Segment Start: Extracted entries

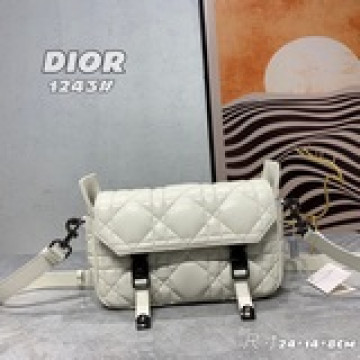 配盒子秋款 diorcam 郵差包 這款 diorcam 手袋由瑪麗亞·嘉茜娅·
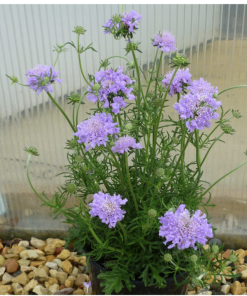 Pincushion Flower, Flutter Deep Blue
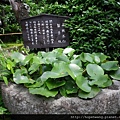 13052708極樂寺 (9) (小型).JPG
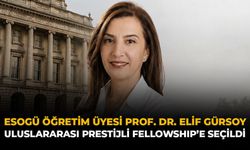 ESOGÜ Öğretim Üyesi Prof. Dr. Elif Gürsoy, Uluslararası Prestijli Fellowship’e Seçildi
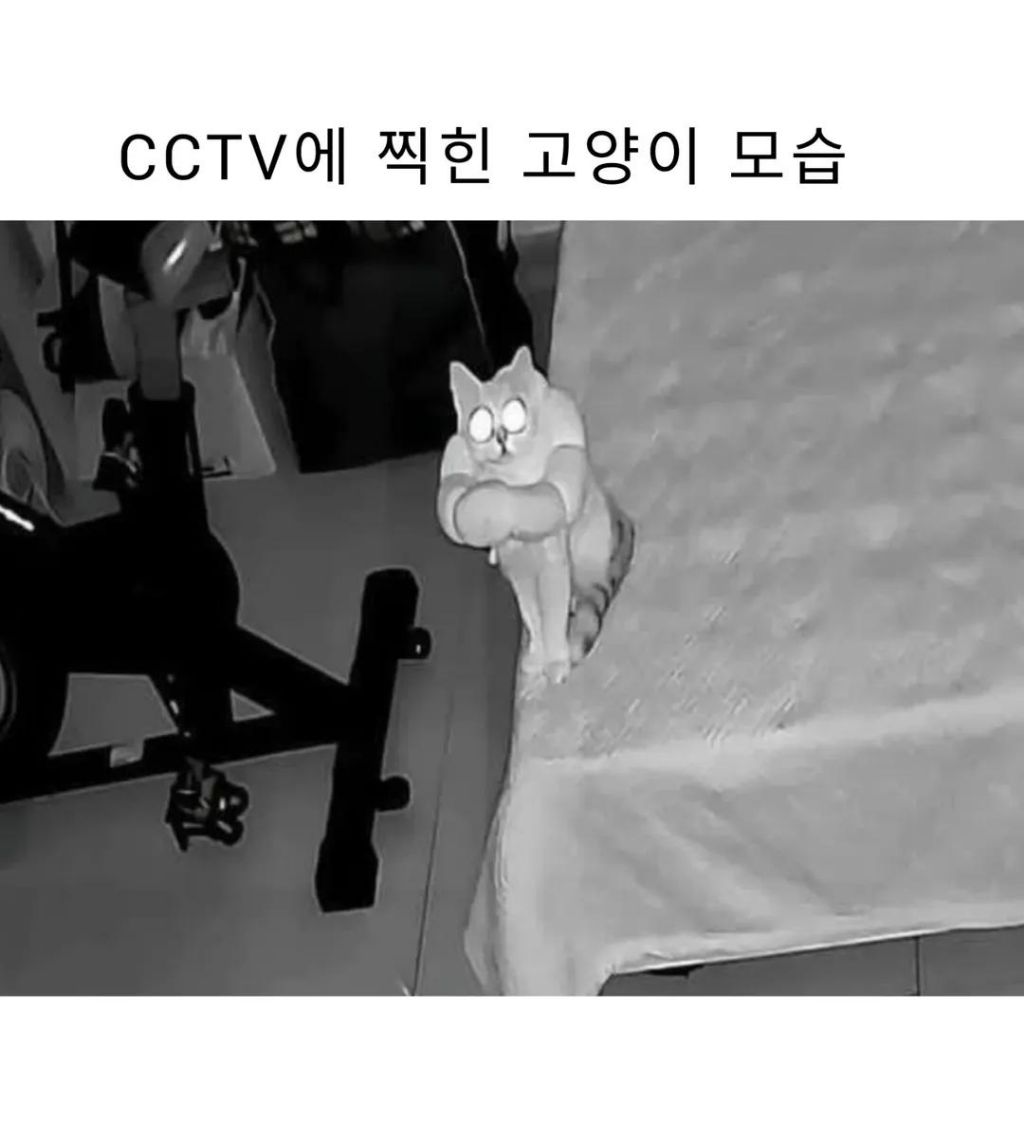 벌크업한-고양이-0-이미지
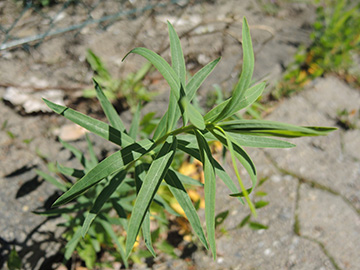 Euphorbia saratoi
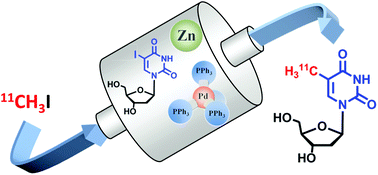 Graphical abstract: Negishi coupling reactions with [11C]CH3I: a versatile method for efficient 11C–C bond formation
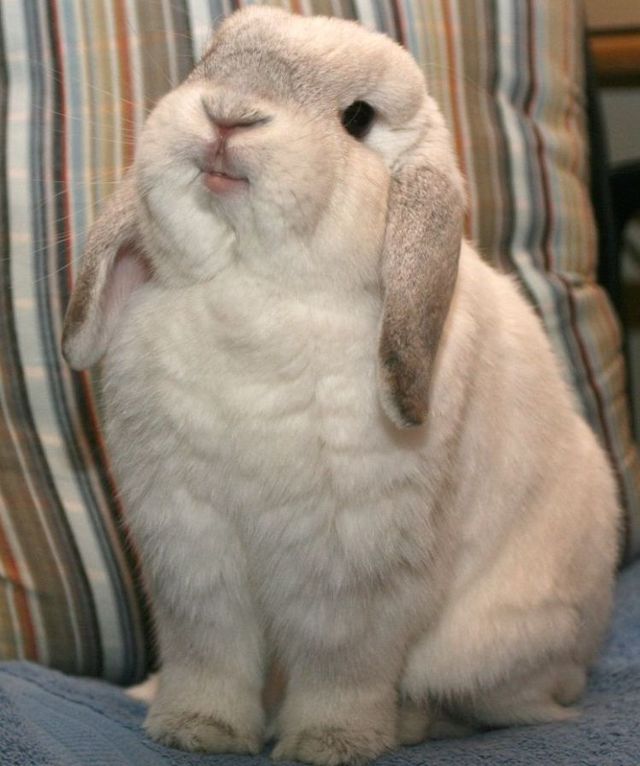 Funny picdump (146 pics)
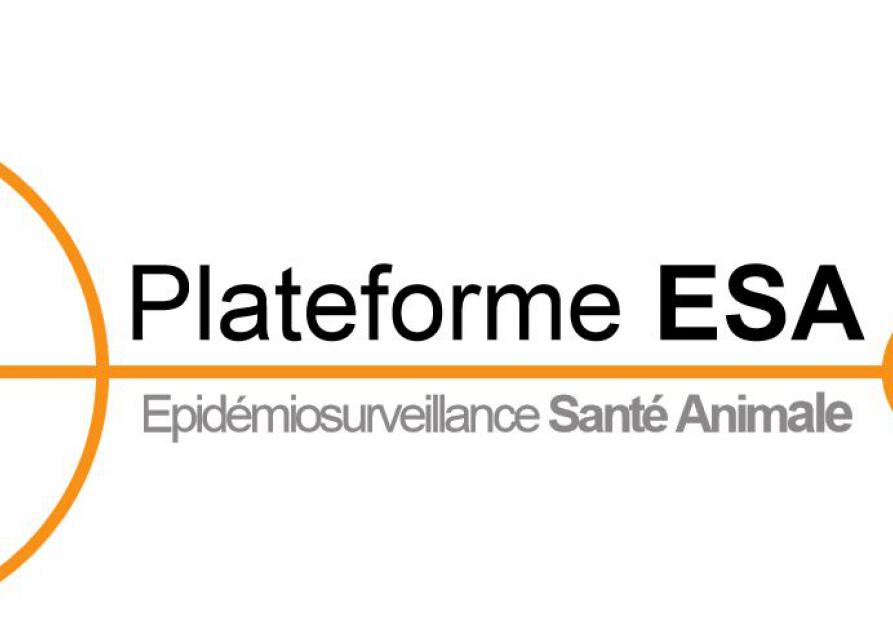 Logo Plateforme ESA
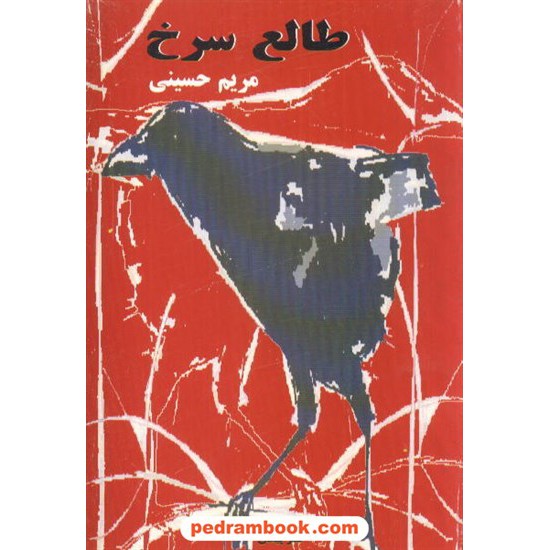 خرید کتاب طالع سرخ مریم حسینی پیکان کد کتاب در سایت کتاب‌فروشی کتابسرای پدرام: 3998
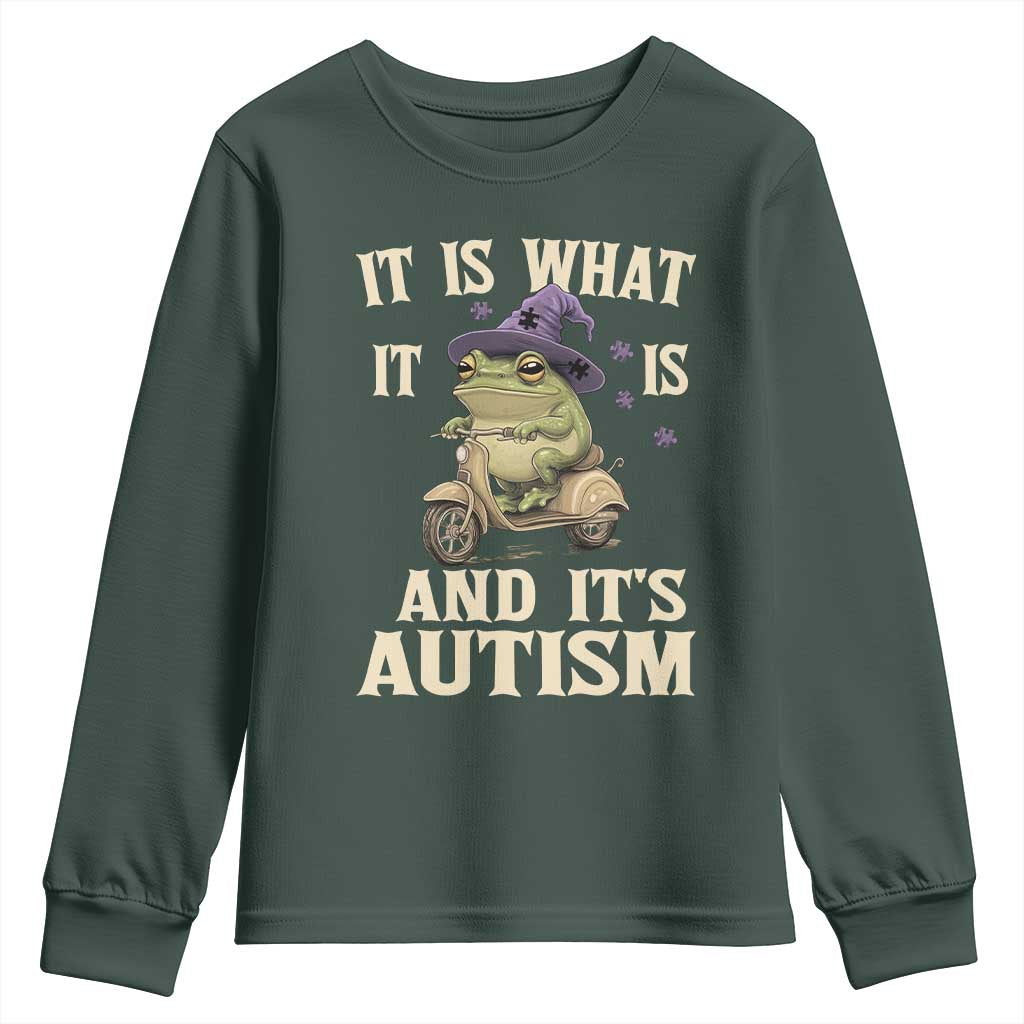 Funny It Is What It Is And It's Autism Youth Sweatshirt Meme Autism Awareness Frog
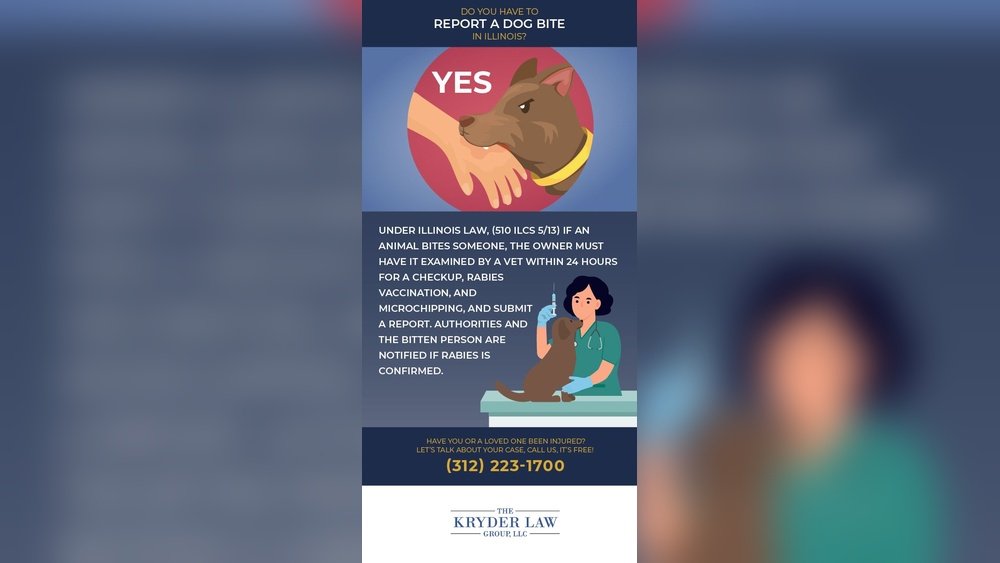 What Happens When Someone Reports Your Dog for Biting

Segment End: Extracted entries

What to work on
An exact copy is needed of the lines running from the one with "Graphical abstract: Negishi" through the end of the data above, and of those lines only, without pictures.

Response for this exercise
 Graphical abstract: Negishi coupling reactions with [11C]CH3I: a versatile method for efficient 11C–C bond formation
 Funny picdump (146 pics)
 Logo Plateforme ESA
 خرید کتاب طالع سرخ مریم حسینی پیکان کد کتاب در سایت کتاب‌فروشی کتابسرای پدرام: 3998
 Funny It Is What It Is And It's Autism Youth Sweatshirt Meme Autism Awareness Frog
 What Happens When Someone Reports Your Dog for Biting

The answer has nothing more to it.